Prof. Adu-Dapaah was hopeful that when people understand the science behind GM, they will discard the hatred developed for the technology over the years.
He also expressed concern about the growing misinformation on GMO crops in the country, saying “It is 27 years since the first GMOs were released and I am not aware of a single credible food or feed problem on the safety of GMOs.”
In addition, he noted, “There is a very strong scientific consensus globally on GMOs just as scientists are on climate change.”
For Prof. Adu-Dapaah, it was worrying that in spite of the fact that scientific official reports on the safety and benefits of GMOs had been published by the World Health Organisation, Food and Agriculture Organisation, National Academic of Sciences (USA), Royal Society (UK), American Medical Association (USA), French Academy of Medicine, European Commission, US Food and Drugs Administration, Society of Toxicology, and Institute of Food Technology, some uninformed people still peddled falsehood about GMOs.
The proposed way forward
Proponents of biotechnology strongly advocate its application in agriculture to guarantee returns on investments, despite the current challenges, the weather presents. The technology is a proven scientific tool that addresses some of farmers’ most bothersome problems like inadequate water, insufficient soil nutrients and pests or insect invasions.
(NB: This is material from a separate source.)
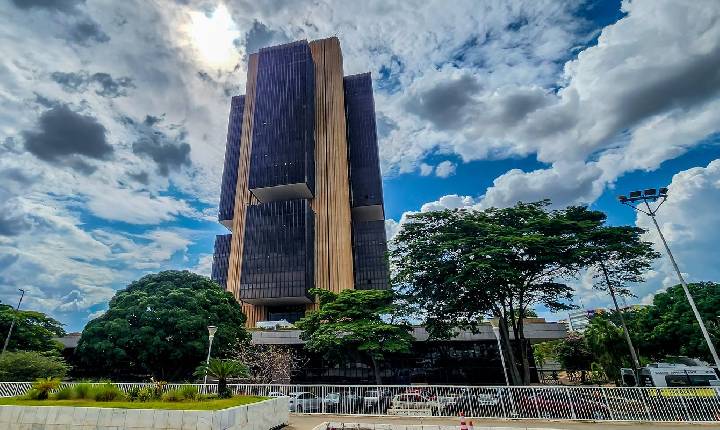 Juros pressionam a dívida mais que gastos públicos, dizem economistas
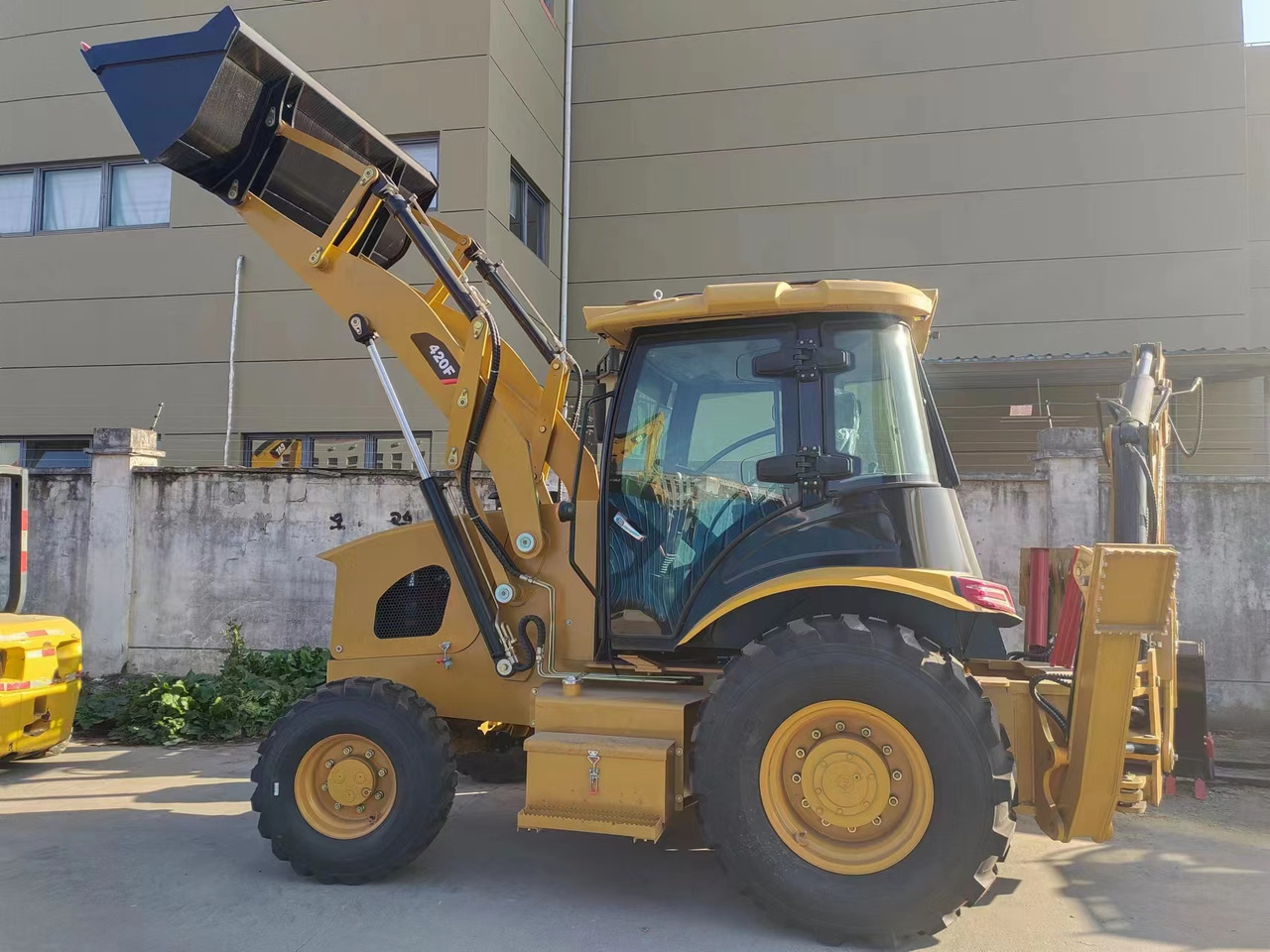 CATERPILLAR 420F - Rýpadlo-nakladač: obrázek 3 CATERPILLAR 420F - Rýpadlo-nakladač: obrázek 3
This implies that whereas, conventional crops will be easily destroyed in a state of inadequate water, little soil nutrients and pests invasion, a crop that has been genetically engineered (GE) or genetically modified (GM) to withstand the impacts of these challenges, will thrive.
Before, they are release, GM crops are subjected to rigorous scientific processes including lengthy laboratory tests, confined field trials and environmental releases or farmer field trials and then onward to commercial releases, once they are certified by biosafety inspectors and approved by the Board of the National Biosafety Authority (NBA). Scientists (Plant breeders) advocates that the public should not see GMOs as a subject of debate or controversy, but a solution to agricultural problems of the world today.